The updates are scheduled to arrive globally over the coming weeks, and they follow a familiar playbook in social video: reduce friction, nudge feedback into simpler actions, and keep people watching longer. TikTok and Instagram have spent years training users to expect fast, minimal controls, so YouTube is clearly trying to keep Shorts from feeling like the overdesigned cousin in the room.

What changes in YouTube Shorts playback

Several of the new tools are small on paper but meaningful in use. A ”Clear screen” toggle hides on-screen buttons and text with one tap, while mute controls now appear after tapping to pause and selecting the mute icon. YouTube is also adding a quicker way to push Shorts to 2x speed, with a press-and-hold gesture that temporarily fast-forwards the clip and a swipe-down gesture that locks the video at that pace.

  • ”Clear screen” hides buttons and text with one tap
  • 2x playback speed is now available for Shorts
  • Holding the edge of the screen fast-forwards temporarily
  • Swiping down while pressing the player locks 2x speed

Shorts feedback tools are getting stripped down

YouTube is also changing how viewers react to Shorts. The thumbs-up button will become a heart icon, and the ”Dislike” button is being retired for the format. The company says simpler controls tested better because users found them easier to understand and more natural to use, which is exactly the sort of interface logic that tends to show up after enough people accidentally tap the wrong thing.
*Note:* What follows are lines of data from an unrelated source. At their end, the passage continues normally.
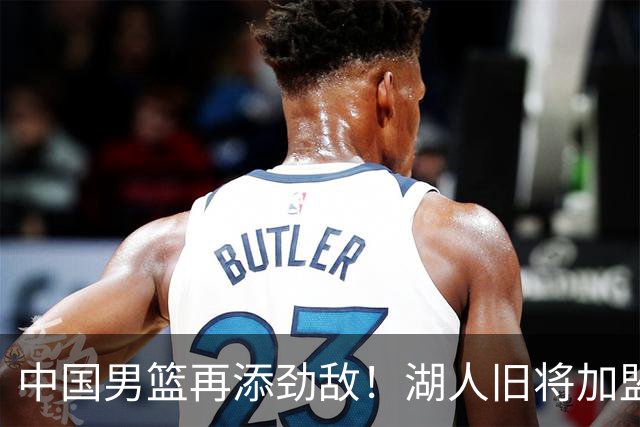 中国男篮再添劲敌！湖人旧将加盟亚洲劲旅，NBA生涯场均12.1分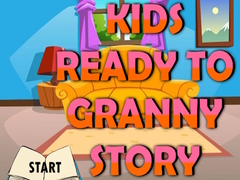 Lalao Kids Ready To Granny Story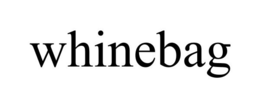 WHINEBAG trademark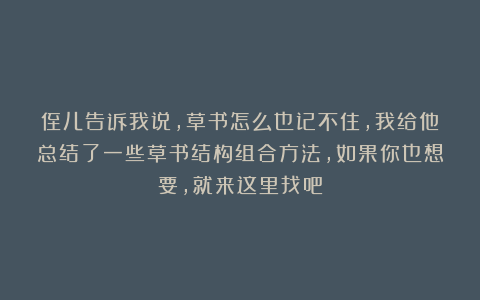 侄儿告诉我说，草书怎么也记不住，我给他总结了一些草书结构组合方法，如果你也想要，就来这里找吧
More detailed feedback is still available, just tucked behind the three-dot menu. If viewers choose ”Not Interested,” they can now explain why, while ”Don’t recommend this channel” and ”Report” stay in place for feed control and moderation. That split is smart: one-tap reactions keep engagement fast, while the deeper options preserve the platform’s ability to learn what people actually want to avoid.

Shorts controls are being grouped into one carousel

One more change should make the interface feel less scattered. YouTube is moving features such as audio tracks and related video links into a single carousel directly beneath the video title. That sounds minor, but on a phone screen, every extra layer matters, and Shorts has long been the kind of product where one misplaced button can make the whole experience feel busier than it should.

The broader pattern is easy to read: YouTube wants Shorts to feel faster, cleaner, and more intentional, not just a vertical feed with extra chrome. The question now is whether these tweaks make people watch longer or simply make the app feel less annoying while they do it.